Can AI write and submit a suspicious activity report?

Can AI write and submit a suspicious activity report?

I pondered this subject the other week and canvassed the opinions of others, including fellow financial crime professionals. Then, this morning I read an article in the Guardian newspaper written by artificial intelligence (AI). So, I determined to stop pondering and start writing.

I am a big fan of AI, I don’t hold any fears or anxieties about a world controlled by cruel and demanding robots. The Guardian article rightly points out, we have far more to fear from humans influenced by hatred seeking to inflict violence upon each other. I don’t believe in ghosts either, my mum always said, “You have far more to fear from the living than the dead”.

The Guardian article was written by a self-taught robot, which proposes we can teach a robot to be an anti-money laundering (AML) compliance professional. I believe AI can make a big difference in the fight against financial crime, because of the capacity to examine vast quantities of data and identity gaps, contradictions, anomalies, perhaps even suspicions of money laundering or other financial crime. AI can be in multiple places, simultaneously, 24 hours a day. Properly programmed, AI can represent you; it can apply your thinking, your policy and logic. Imagine multiple Martin Woods’… (my wife has told me one is more than enough).

Within transaction monitoring, AI can logically articulate why a transaction or series of transactions is unusual, but can it go a step further and apply a label of suspicion? AI can learn the law and regulations; thus AI can understand the ingredients required for an offence to be committed, but is the determination of suspicion an opinion? Can AI give an opinion? The Guardian article references the non-judgmental characteristics of AI.
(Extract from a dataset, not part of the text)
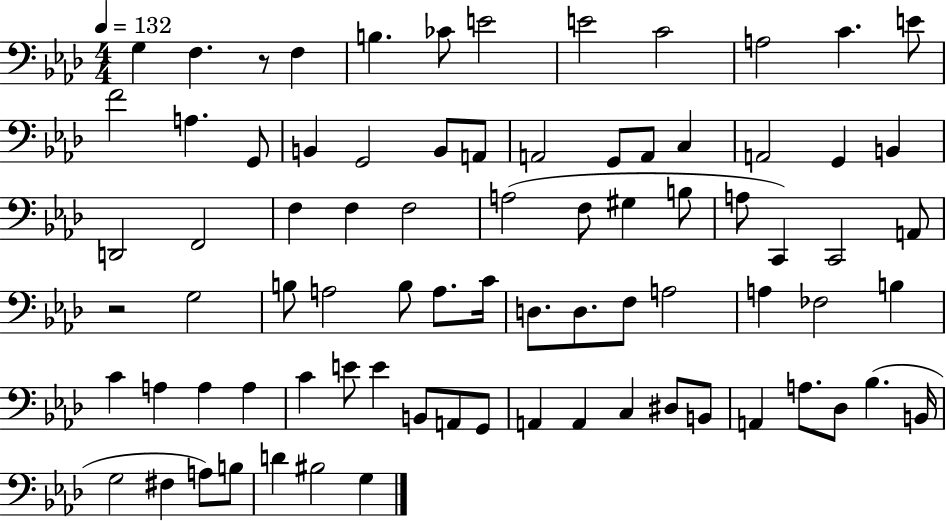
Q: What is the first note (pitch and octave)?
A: G3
In many countries the human being who files the suspicious activity reports (SARs), holds an appointed and approved position. Consequently, this person has responsibility and accountability. I have previously held this position and more than once, I have found myself wrapped up in legal arguments with lawyers representing customers and judges opining upon my actions. I cannot envisage a robot in the witness box at the High Court in London.

My reservations are compounded by my sense of ‘gut instinct’, we all have it and we apply it. Some years ago, scientists at Cambridge University undertook a study which pitched man against machine. More specifically, the study pitched a trading algorithm against an experienced manual trader. Guess who won? The manual trader won, and the scientists concluded it was his gut instinct, influenced by his experience, emotional intelligence and wider reading of the market which gave him an advantage.

The study did not assert the algorithm could not trade effectively, rather it asserted the manual trader was better. When I train financial crime professionals and other staff within regulated businesses, I tell them never to supress their own gut instinct, because it is are seldom wrong. This begs the question; can AI develop a gut instinct? For sure, AI constantly learns, develops and improves, but gut instinct is not always logical, and AI makes all decisions based upon logic, I think.

I don’t know if there is a definitive answer to the question I have posed, but if I were to find myself in the witness box in a courtroom, summoned there because of a SAR submitted under my watch, I would want to have been the author of that SAR.